Input for this task.

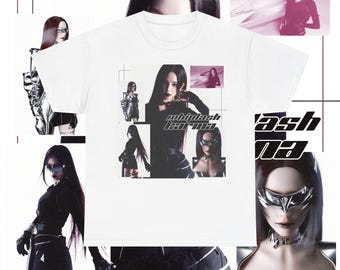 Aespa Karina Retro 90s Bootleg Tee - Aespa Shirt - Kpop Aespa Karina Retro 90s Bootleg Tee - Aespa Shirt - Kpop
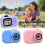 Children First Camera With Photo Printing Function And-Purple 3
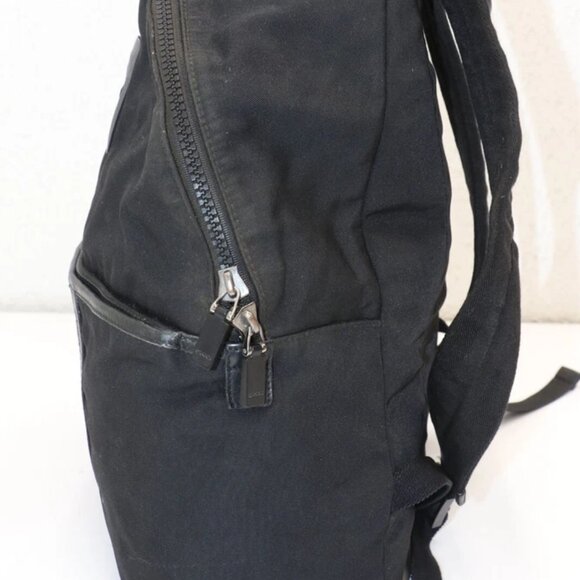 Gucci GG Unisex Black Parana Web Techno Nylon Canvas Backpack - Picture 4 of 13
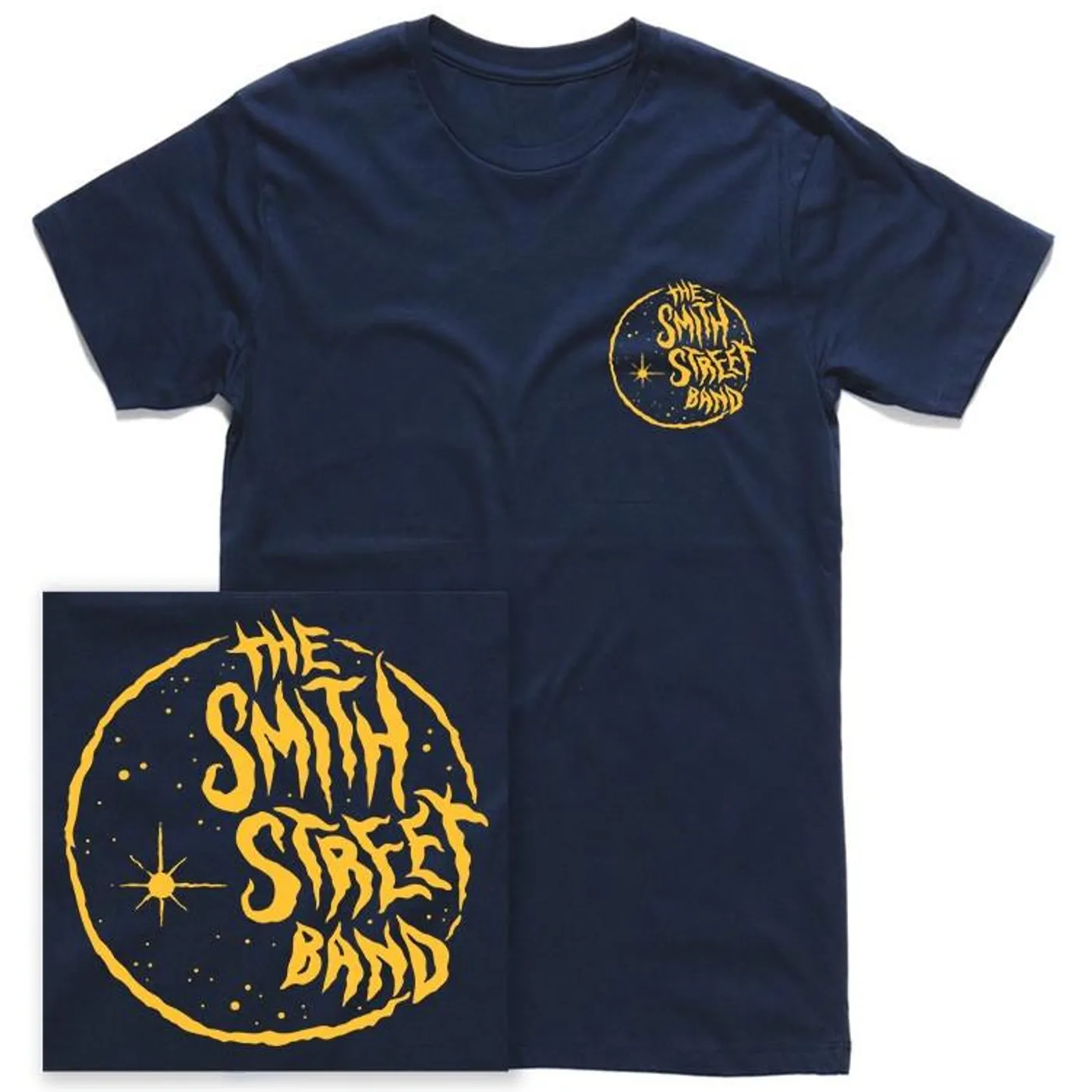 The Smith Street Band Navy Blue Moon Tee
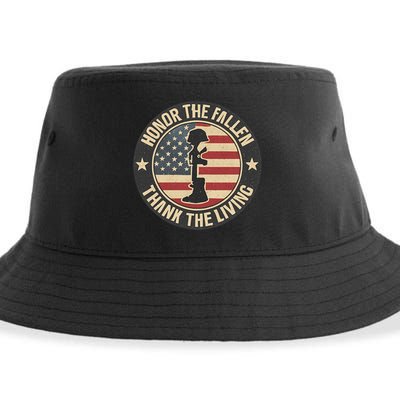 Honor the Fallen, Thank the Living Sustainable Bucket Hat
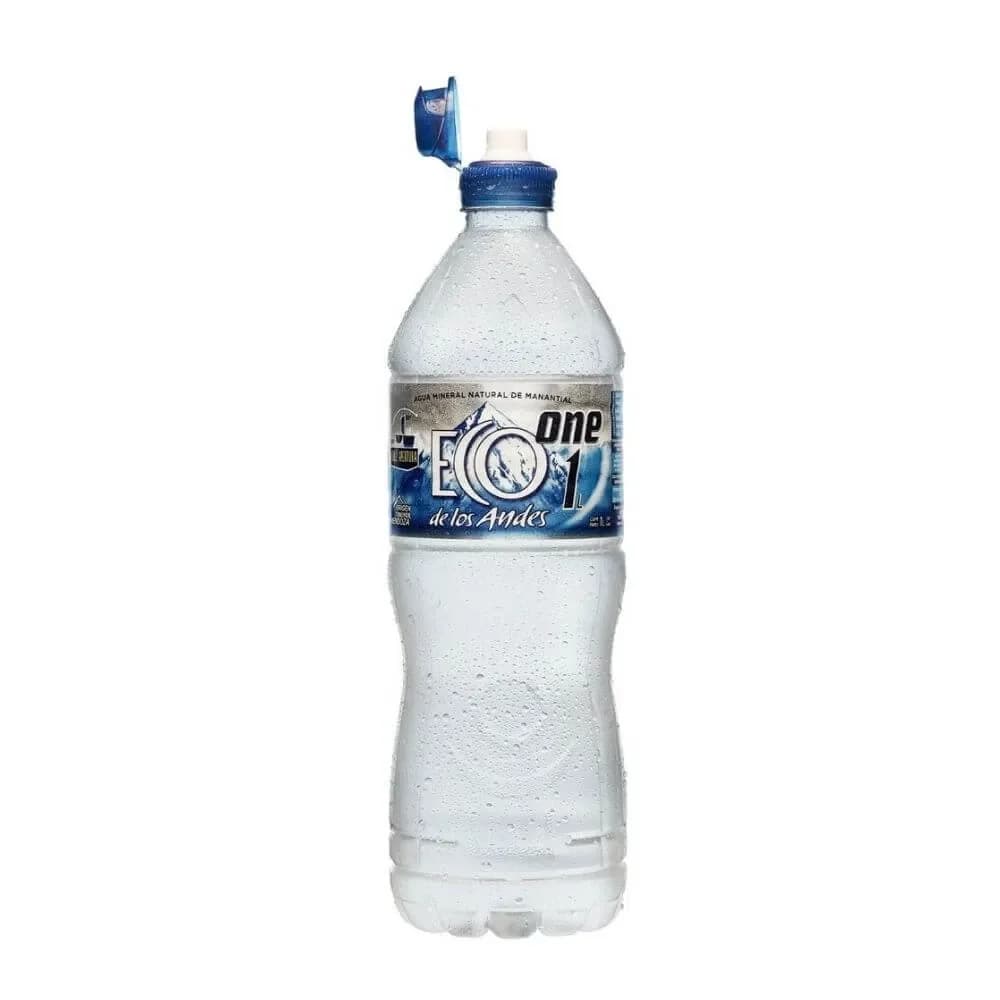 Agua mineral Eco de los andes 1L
==
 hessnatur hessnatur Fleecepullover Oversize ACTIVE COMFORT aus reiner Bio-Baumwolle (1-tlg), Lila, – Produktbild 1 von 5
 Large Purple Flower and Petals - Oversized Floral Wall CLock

Directions. Please repeat the lines of the material above exactly, starting with the line that contains "Gucci GG Unisex" and ending with the line that contains "Agua mineral Eco de los andes 1L". Leave the pictures out.

Response.
 Gucci GG Unisex Black Parana Web Techno Nylon Canvas Backpack - Picture 4 of 13
 The Smith Street Band Navy Blue Moon Tee
 Honor the Fallen, Thank the Living Sustainable Bucket Hat
 Agua mineral Eco de los andes 1L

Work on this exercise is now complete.